Il vaut mieux l'aider à trouver le mot
qu'elle cherche plutôt que de le dire à sa place. On peut l'aider
par les moyens de facilitation suivants :
-
lui fournir le premier son ou la première syllabe du mot
ex. un «s____ » ou «le sa____ » pour savon ;
-
commencer une phrase qui amène logiquement le mot voulu
ex. «on se lave avec de l'eau et du
________ » et lui laisser trouver ce mot
;
-
on peut également donner le premier son du mot et en même
temps l'accompagner d'un geste significatif ou d'une mimique appropriée
( mais non exagérée).
Pour éviter que la personne devienne dépendante
d'un moyen de facilitation, on adopte celui qui semble le plus
efficace au début puis, graduellement, on les varie d'une fois à
l'autre ou, encore, on les combine pour avoir plus d'effet.
À mesure que la personne récupère son
vocabulaire, on tente de diminuer le nombre et la fréquence
d'utilisation des moyens de facilitation pour qu'elle arrive à
s'exprimer par elle-même.
On ne doit pas faire répéter
inutilement de nombreuses fois le mot trouvé en espérant que la
personne s'en souviendra mieux. Les mots seront retrouvés de plus en
plus souvent, par une simple association avec l'objet correspondant ou
avec la situation en cours.
b)
Que faire si la personne se trompe de mot?
Par opposition au patient qui ne parle à
peu près pas, celui qui parle beaucoup mais qui se trompe de mot ou
qui déforme les mots, n'est souvent pas conscient des erreurs qu'il
fait. Il convient donc d'abord de le faire taire pour obtenir son
attention et lui permettre de se concentrer. Il devient alors possible
de lui présenter le bon mot et de l'amener graduellement à prendre
conscience de ses erreurs.
Par exemple, si la personne dit «soulier»
ou «tamabon» au lieu du mot «savon» on l'arrêtera, on
essaiera de lui faire trouver le mot recherché à l'aide d'un moyen
de facilitation ou on la fera répéter.
c) Doit-on
se limiter à faire nommer des objets à la personne aphasique ?

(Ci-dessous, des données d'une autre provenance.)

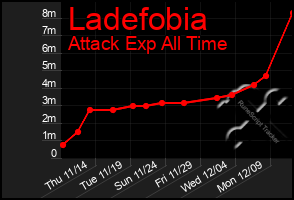 Total Graph of Ladefobia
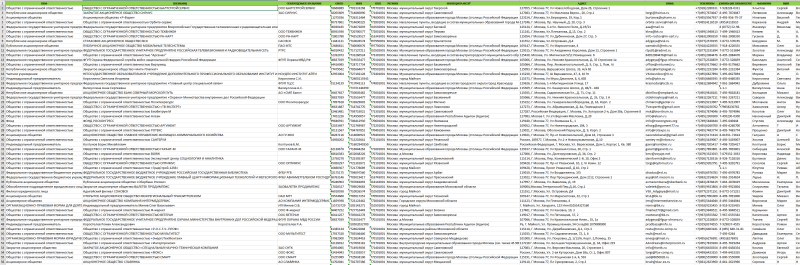 База продавцов на маркетплейсе СберМегаМаркет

Graduellement, on peut aider la personne
aphasique à développer un langage plus élaboré en l'encourageant
non seulement à nommer des objets, mais aussi à dire ce qu'elle est
en train de faire, à décrire des actions de la vie quotidienne au
moment où elles se produisent.
D'abord, on verbalise pour elle ces
actions en l'encourageant à écouter puis à répéter ou bien à
essayer de les dire en même temps que nous, sans toutefois insister
sur les mots courts ( et, du, le, de ). Ainsi, durant les repas ou au
moment de se laver ou de s'habiller, on utilisera le vocabulaire
correspondant :
- le nom des objets qui sont sur la table, mais aussi: «donne-moi» ou «passe-moi le…
»;
- le nom des différents vêtements et les actions qui y
correspondent comme : «ôter»,
«enlever» et «mettre»;
-
le nom des articles de toilette (savon, eau chaude,
eau froide, bain, serviette), des parties du corps mais aussi les
actions qui sont posées à ce moment :
«je lave», «j'essuie», etc.
Quel que soit le problème expressif de
la personne aphasique, il ne faut pas lui demander au début une
production parfaite, ni toujours exiger d'elle la bonne réponse.
L'important, c'est de l'encourager à essayer et de la féliciter de
ses efforts, même si la réponse demeure imparfaite.